Raffineries françaises: pourquoi elles ferment
La France a perdu 12 raffineries en 40 ans
L'avenir des raffineries Françaises semble s'assombrir d'année en année.
On en comptait 23 à la fin des années 70, il n'en reste plus que 11
encore en activité aujourd'hui. Et la fermeture du site de Berre
pourrait en ajouter une à cette triste liste. Les raffineries "sont en
surcapacité de production, et n'ont pas de débouchés suffisants" en
raison d'une "demande très peu soutenue", explique Jean-Louis Schilansky
président de l'Union française des industries pétrolières (Ufip). Elle
seront même en "perte d'exploitation de plusieurs centaines de millions
d'euros" en 2011, dans une tendance "voisine" de 2009, quand elles
avaient perdu 1 milliard d'euros" a-t-il ajouté. Selon Les Echos, les
marges de raffinages, qui représentent la différence entre le prix des
produits raffinés et leurs coûts de production, ont baissé de 60% entre
2008 et 2009. Et elles sont aujourd'hui à un "niveau de crise".
Les
raffineries françaises ont en effet produit, en 2010, près de 82
millions de tonnes de produits pétroliers de type essence, gazole ou
fioul. Mais la demande reste bien inférieure à cette capacité. La
consommation en France en 2010 a atteint 33,6 millions de tonnes de
gazole et 8,2 millions de tonnes d'essence. "Depuis 2007, on constate
une baisse de la consommation en Europe liée aux économies d'énergie, et
le phénomène est accentué par les crises économiques", souligne
Constancio Silva, économiste à l'Institut français du pétrole-Energies
nouvelles.
"Des cessions ou des fermetures de sites inévitables"Selon
lui, les raffineurs n'ont pas su s'adapter aux changements de la
demande. Ils ont souffert de la montée en puissance du parc nucléaire
français. Celle-ci a en effet entraîné une baisse de la demande de fioul
lourd, qui servait jusqu'alors à faire fonctionner les centrales
électriques.
De plus, les raffineurs ont investi, dans les années 70 et 80, dans
des unités de production d'essence, qui était alors le carburant le plus
consommé en France. Mais ils ont été surpris par l'explosion de la
demande de gazole, accentuée par une fiscalité avantageuse et la moindre
consommation des moteurs diesel. La vente de gazole représente
actuellement 75% des ventes de carburant en France.
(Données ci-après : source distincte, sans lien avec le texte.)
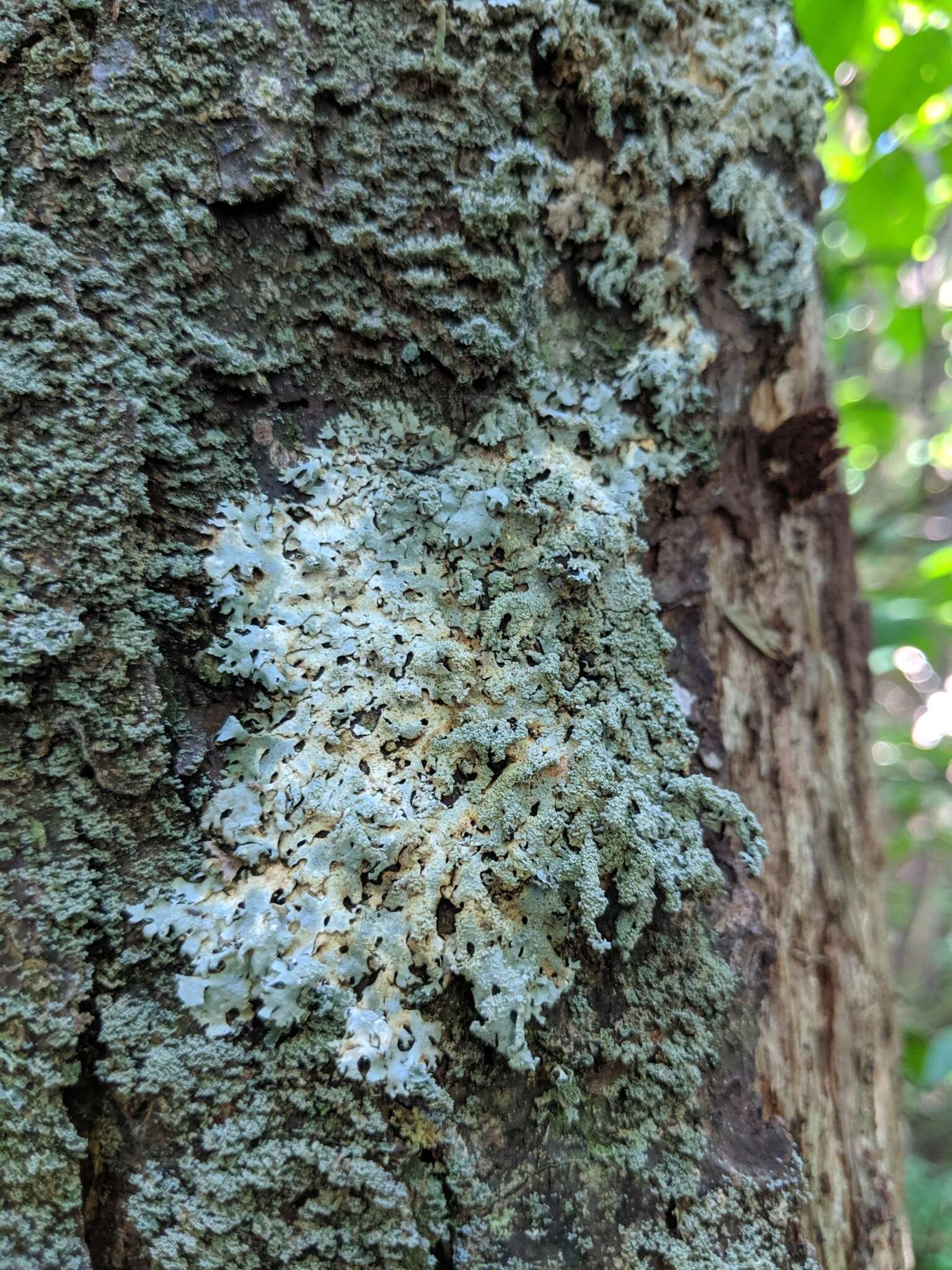 Image of hypotrachyna lichen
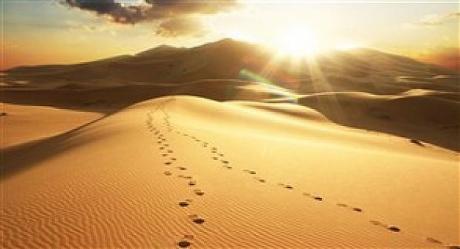 من سنن الله تعالى في خلقه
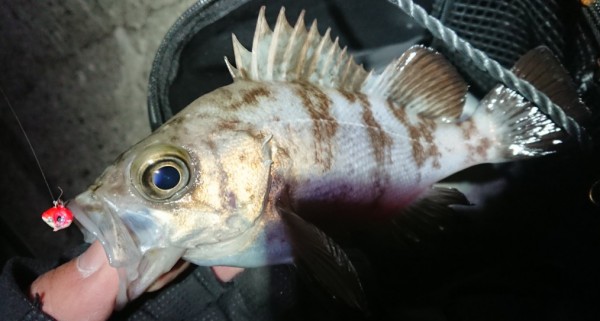 hideup 久次米良信 ブログ写真 2018/01/20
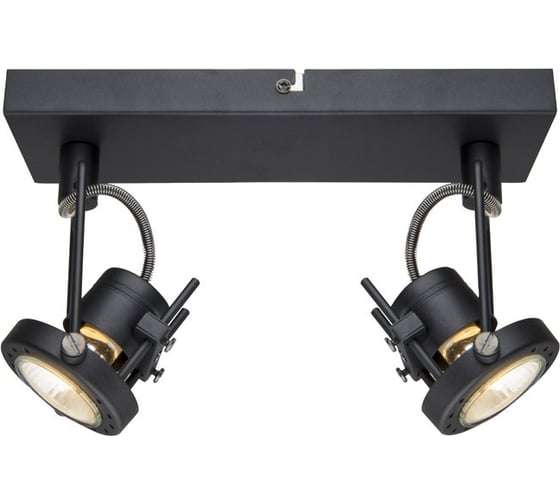Настенный светильник Arte Lamp A4300AP-2BK 1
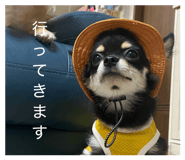 839036248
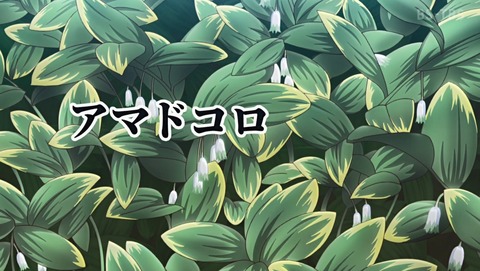 ANCB002189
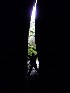 Cave View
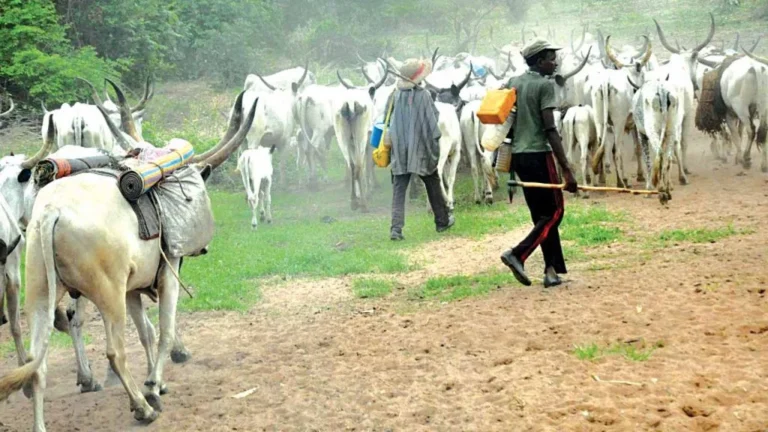 Herdsmen-13-11-16-1024x576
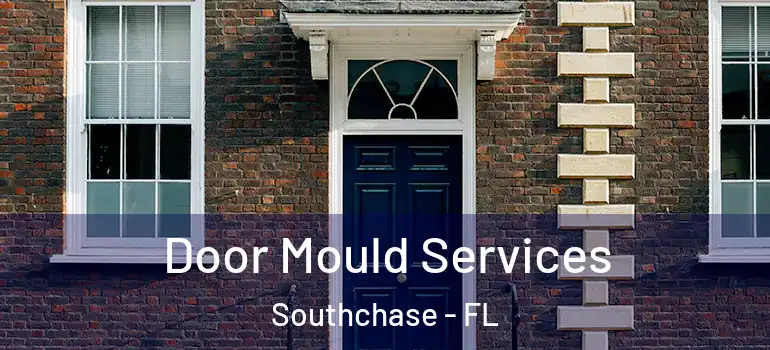 Door Mould Services Southchase - FL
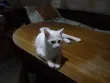 Наталья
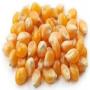 Achat de maïs jaune / yellow corn purchase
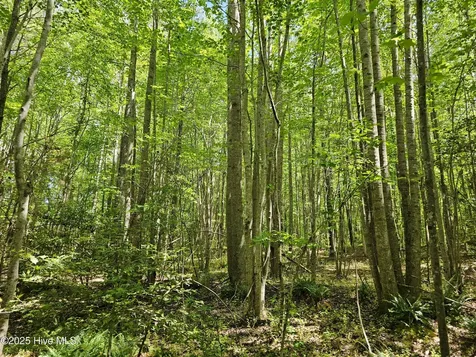00 Alert Road Warrenton NC 27589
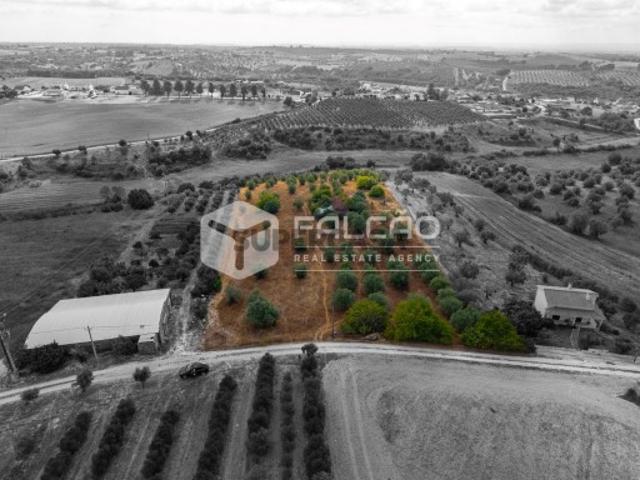 Terreno venda em Santarém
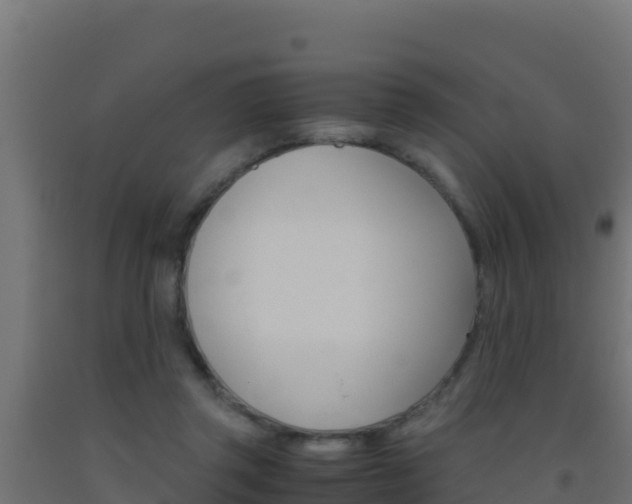 X0000093510357200710121108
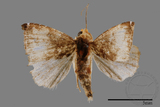 ǦW:Rivula inconspicua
Les automobilistes en consomment 33 millions de tonnes, mais la capacité de production française ne s'élève qu'à 20 millions.
Les raffineries hexagonales se retrouvent donc actuellement obligées
d'exporter 30% de sa production d'essence, notamment aux Etats-Unis où,
là aussi, la demande a ralenti. Selon le comité professionnel du
pétrole, les ventes d'essence à l'étranger ont en effet chuté de 20%. Et
paréllèlement, les groupes pétroliers sont contraints d'acheter du
gazole à l'étranger, ce qui accentue leurs dépenses.
Dans ce
contexte, "à terme, des cessions ou fermetures de sites seront
inévitables", assure l'Ufip. Un pessimisme que refuse d'admettre les
syndicats. En réaction à la fermeture du site de Berre, les fédérations
CFDT et CGT de la branche chimie-pétrole ont hurlé "halte à
l'hécatombe". "Cette annonce est inacceptable. Car elle n'est pas liée
uniquement aux problèmes des faibles marges du raffinage et de
l'inadéquation de l'outil de production par rapport au marché, à
l'excédent d'essence et au déficit de gazole" ont-ils dénoncé.
Selon
eux, les fermetures de raffineries répondent à une logique boursière et
à un défaut d'investissement. La Fnic-CGT réclame "un plan pluriannuel
d'investissement" sur la base du rapport de l'Institut français de
pétrole présenté le 22 juin qui, moyennant des investissements,
présentait des pistes de développement pour les raffineries françaises.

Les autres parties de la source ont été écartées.